I just got a 1985 heavy 10 in great condition. In shipping screws that hold the bed to the the table broke and had to replace. Now I want to level and the screws that tighten the tail of the bed are snug but not tight. On the tailstock end is a level screw for adjustment. Should the 4 bolts on that end be tightened to the bed  before I adjust or after? Thanks in advance.


----------



## Terrywerm (May 9, 2014)

I am no expert on South Bend lathes, but I believe that you should level your lathe first, then tighten the mounting screws. Recheck for level. Adjust as necessary.


----------



## ScrapMetal (May 10, 2014)

Here's a .pdf of an old flyer from SB (thanks to S. Wells) that covers the procedure for leveling a lathe - http://www.wswells.com/data/howto/H-3.pdf

Hope that helps,

-Ron


----------



## DanGraves (May 10, 2014)

Thank you for the reply. I have the PDF document and it does not say to tighten before or after.


----------



## Splat (May 15, 2014)

To me it would seem you should tighten down the screws securing the bed feet to the chip pan, then use the leveling screw to level the bed.


----------



## Earl (May 15, 2014)

On my 10L,  I make sure that the level adjuster screws are loose (front and back)  then I insure that the bed is securely bolted to the cabinet chip pan.  I get the lathe as close to level as i can with shims under the feet and then take the twist out of the bed with the level adjustment screws an my starrett machinist level.  You need two allen wrenches so you can adjust both at the same time.  They need to be tightened together.  You will go back and forth several times before you get it perfect.  After leveling, check by doing the "two collar" test that southbend recommends.
Earl


----------



## DanGraves (May 16, 2014)

Earl, thanks for the straight forward instructions. I have a starret machinist level and will follow your instructions to the letter. Thanks so much for the help.


----------



## Splat (May 16, 2014)

Before doing the 2 collar test I would check headstock alignment with the bed. I've attached a great writeup on the whole shebang.
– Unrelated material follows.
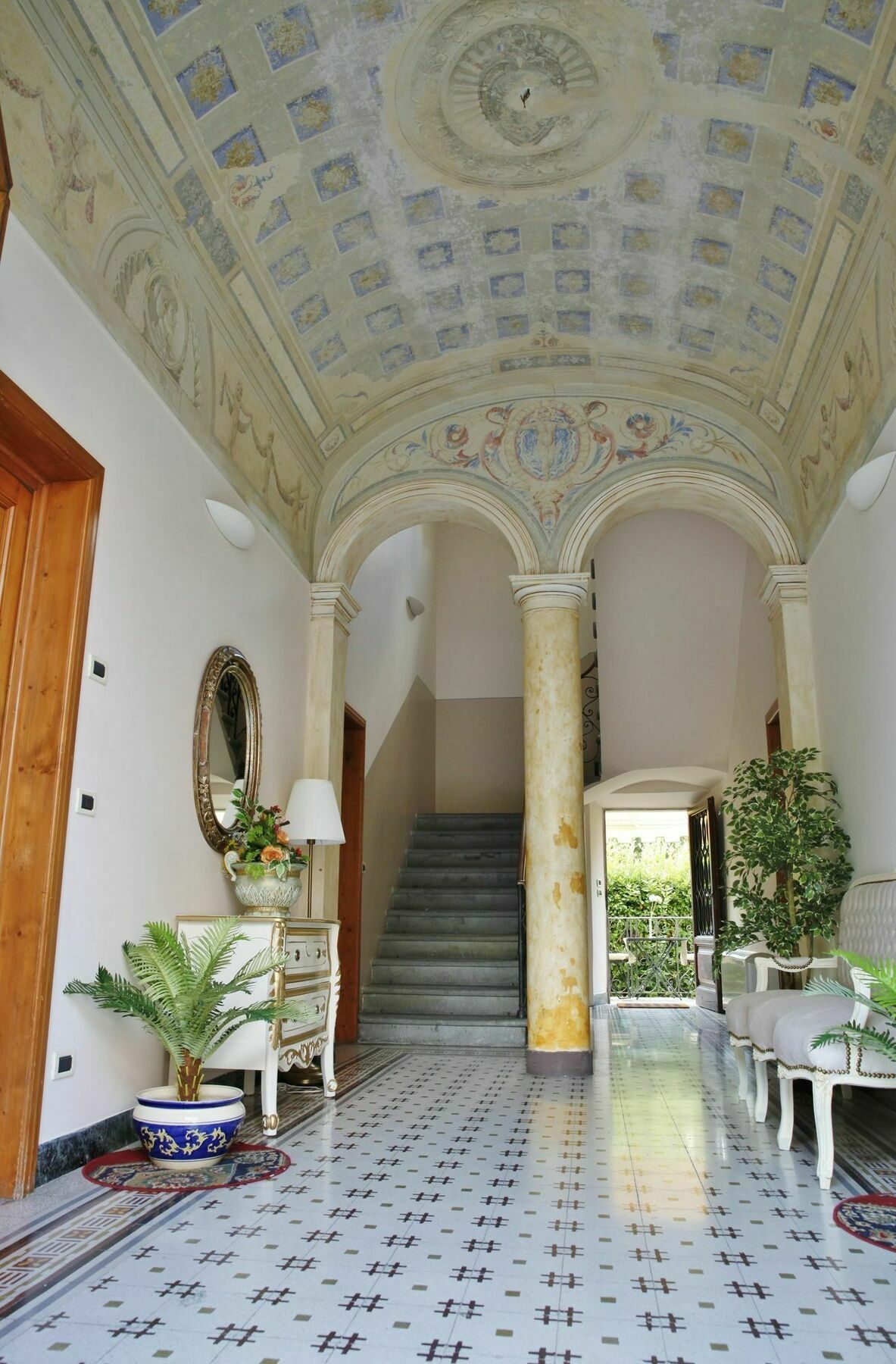 Lucca Relais Bed & Breakfast Exterior photo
You won't have all the bolts that the lathe in the writeup has but the tests are still the same.
View attachment Lathe_Leveling_and_2-collar_test.pdf


----------



## DanGraves (May 16, 2014)

Thanks SPLAT, will do.


----------



## 1mondo (May 20, 2016)

ScrapMetal said:


> Here's a .pdf of an old flyer from SB (thanks to S. Wells) that covers the procedure for leveling a lathe - http://www.wswells.com/data/howto/H-3.pdf
> 
> Hope that helps,
> 
> -Ron


Hey Ron I looked at and read the 3-pdf and right there on page 19 is the info concerning the leveling screws!! Amazing how everything is available on the web. Thanks loads the info will definitly help me out!! Then I printed the article and it will go in my lathe file. Sure would have been nice of South Bend to have printed a user guide for each type of and year of lathe instead of the "how to use a lathe" book.
Thanks again
Ray


----------